[CentOS] Re: centos] 4.4 upgrade problems

Wed Sep 6 02:35:53 UTC 2006
R P Herrold <herrold at owlriver.com>

On Tue, 5 Sep 2006, Lamar Owen wrote:

> I would consider http://bugs.centos.org/view.php?id=1483 to not be minor.

Hi, Lamar -- as it is my bug, a bit of context for those who 
have not read it is in order.  -- smile -- In the seven hours 
it took me to run down the cause, I assure you, I did not 
consider it minor either.  Thus my early and formal report and 
commentary for others to find.

I would note that Johnny and I, and Seth at the end, worked on 
this both in the main #centos IRC channel, and out of channel, 
to run down hypotheses for me to test.  Thanks guys.

>  I looked over Red Hat's Bugzilla and didn't, in the few 
> minutes I skimmed, see the same issue in upstream.  It could 
> be related to yum's means of doing the package update versus 
> up2date's method; on a production DNS box I had the problem 
> mentioned in this bug, but on a machine that wasn't the 
> production name server I didn't.

No surprise that yum/sqlite issues do not affect the 
upstream, as their approach on the updater varies.

This bug hinges, very much, on the non-atomic nature of 'hot' 
system updates, and the fact that the yum-needed, 
sqlite-maintinaed cache of pacakges got munged half way 
through, to reproduce.

It is 'luck of the draw' as there are no relevant Requires in 
play, in the transaction sort as to whether the bind-libs and 
bind update fall on the same side of the update failure -- so 
long as they are NOT on differing sides, there is no problem; 
When they varied, not surprisingly, bind gets confused.  ;0

> I reproduced the issue using the proper yum sequence, 
> updating python-sqlite, then sqlite, the updating yum, then 
> doing a clean all, and had the problem.

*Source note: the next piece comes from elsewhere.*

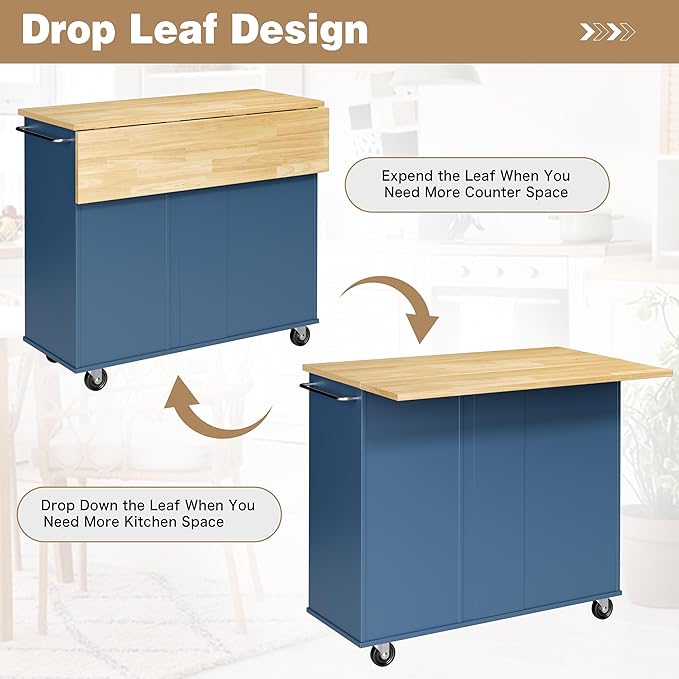 Shintenchi Kitchen Island with Folding Drop Leaf, Rolling Island Table with Storage, Kitchen Cabinet on Wheels with Seating Area for Kitchen, Bar Cart with Cabinet, Blue - Image 4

and, in my post-analysis, it looks like there a pretty strong 
liklihood that this approach is great for over 90% of the 
boxes out there.  Boxes with 'tight' partitioning, or packages 
held back (exclude=) from updates are a bit more likely to 
need two or more passes, and so expose themselves more 
frequently to the sequencing risk, where any failure needs 
manual intervention, to recover from.

-- Russ Herrold